The World According to Nora Ephron

Nora Ephron is the primary role model for a smart, wise-cracking female writer.

Thank God for Nora Ephron. Before she came along, the primary role model for a smart, wise-cracking female writer was Dorothy Parker, known for both her sharp wit and her unenviable life. (After too much drinking and too many bad relationships; she died a famous but unhappy woman.)

nora ephronNora, thankfully, provided the witty woman writer with a much better template. You can be female and funny, and you can soar, both personally and professionally. Not without challenges, of course, but Nora showed us how to navigate those as well. When hubby Carl Bernstein betrayed her, for instance, Ephron turned his betrayal into the best-selling “Heartburn,” then went on to find lasting love with writer Nicholas Peggi.

Nora, apparently, had it all.

Except, alas, a good long run. Nora Ephron died in 2012 at just 71. Now “The Most Of Nora Ephron,” collects the best of her work across many genres. Essays, Articles. A novel. Both a play and a screenplay. Even blog posts! At a whopping 576 pages, is this too much of a good thing? Absolutely not. I just hope somebody is working on a collection of Ephron’s letters. I’d love to read those too.

Even if you’re a long time fan like me, there will be work here that you’ve missed. I own all of Ephron’s book, but had never read her blog. I’d also missed a lot of her early reporting about politics and journalism for venues like The New York Post and Esquire.

Will you love every page? Probably not. I skimmed the essays about soufflés and omlettes and the perfect pastrami sandwich (nothing puts me to sleep faster than food writing). And I quickly lost interest in “Lucky Guy,” her play about journalist Mike McAlary (published here for the first time). But I breezed happily through the rest, taking great pleasure in the terrific writing, and the many funny lines Nora Ephron is famous for:

“If pregnancy were a book they would cut the last two chapters.”

“Beware of men who cry. It’s true that men who cry are sensitive and in touch with feelings, but the only feelings they tend to be sensitive to and in touch with are their own.”

“When your children are teenagers, it’s important to have a dog so that someone in the house is happy to see you.”

I particularly enjoyed Ephron’s magazine journalism from the 1970s, especially her articles about the dawn of the Women‘s Movement, which vividly evoke the sense of possibility, solidarity and excitement (not to mention the petty infighting and rivalries) of those early days.

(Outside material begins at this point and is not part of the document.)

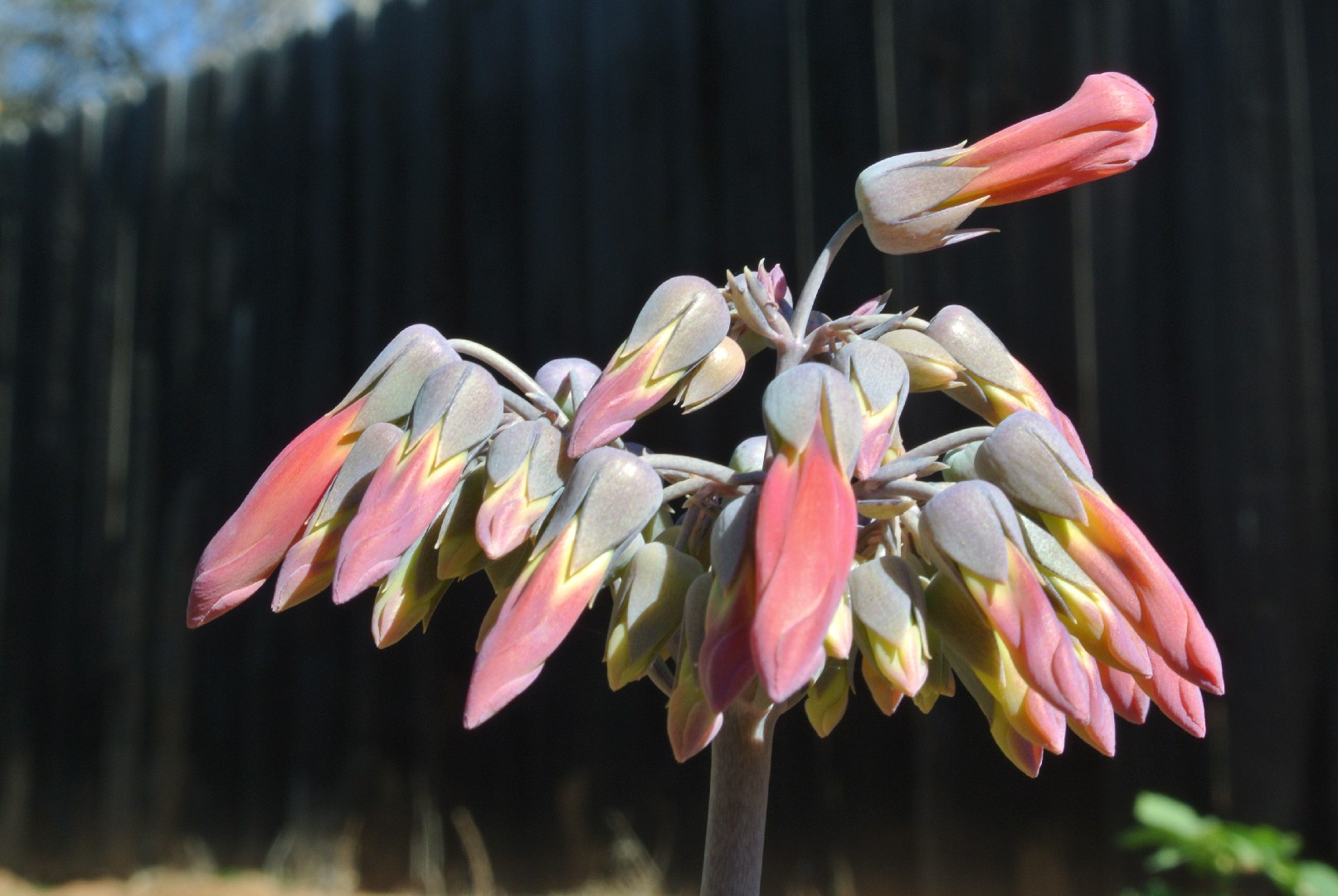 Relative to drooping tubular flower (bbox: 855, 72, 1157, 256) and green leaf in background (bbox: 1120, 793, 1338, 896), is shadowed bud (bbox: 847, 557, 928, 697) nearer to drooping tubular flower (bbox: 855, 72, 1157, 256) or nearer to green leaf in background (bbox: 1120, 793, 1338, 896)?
drooping tubular flower (bbox: 855, 72, 1157, 256)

Ephron herself seems destined to have become a feminist. One of four daughters of Henry and Phoebe Ephron, a successful screening-writing team (responsible for movie classics like “Desk Set”) Nora was raised both to write and to make a good living at it by an uber- successful career woman who famously advised her daughter, on her own death bed: “take notes.”

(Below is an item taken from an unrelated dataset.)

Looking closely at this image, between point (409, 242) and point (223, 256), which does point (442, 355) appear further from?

Ephron, in turn, gave this good advice to the graduating class at Wellesley, her own alma mater, in 1996:

“I hope that you choose not to be a lady. I hope you will find some ways to break the rules and make a little trouble out there. And I also hope that you will choose to make some of that trouble on behalf of women.”

The irony, of course, is that Nora Ephron herself was (due, in part to her own Wellesley education) very much a lady. When she did rock the boat (and she achieved many ground-breaking “firsts” in her career) she did it with wit, and without raising her voice. Feminist but also deeply feminine, Ephon was a firm believer in the classic paradigm of wedding Mr. Right, then becoming a wife, mother and home maker. She was a best-selling writer who also prided herself on her ability to give a fabulous dinner party. (In the essay “About Having People to Dinner” she shares her dinner party secrets, including “It is absolutely essential to have a round table.”)

Ephron’s work appeals to so many because she was a feminist, but a feminist with a deep fondness for the opposite sex, who believed in romance and happy endings. In other words, an optimist. What, after all, is the underlying message of her hit movie “When Harry Met Sally?” Men and women, inevitably, misunderstand each other. And lie to each other. (The evidence? That famous faked orgasm.) Clearly, making love work is an impossible challenge. So? Let’s fall in love anyway.

When I asked friends and fellow writers how they felt about Nora Ephron, the response was 100% positive.

“I loved her writing.”
“I wanted to be like her.”
“I wanted to write like her.“
“I always wanted to meet her.”
“I had a huge crush on her.”
“Those essays. Those movies… what’s not to love?”

There were no dissenting voices. Everyone felt good about Nora.

And me? I’m just one of the many writers who aspire to hit the mark that Nora achieved. I want to be honest and smart and funny, and, at the end of my run, to be able to look back on a life well-lived. (Including stirring up some trouble on behalf of women.)

But when a disgruntled reader dismisses one of my own humorous essays with, “You’re no Nora Ephron,” I don’t mind.

Who is?

(This essay first appeared on www.womensvoicesforchange.org.)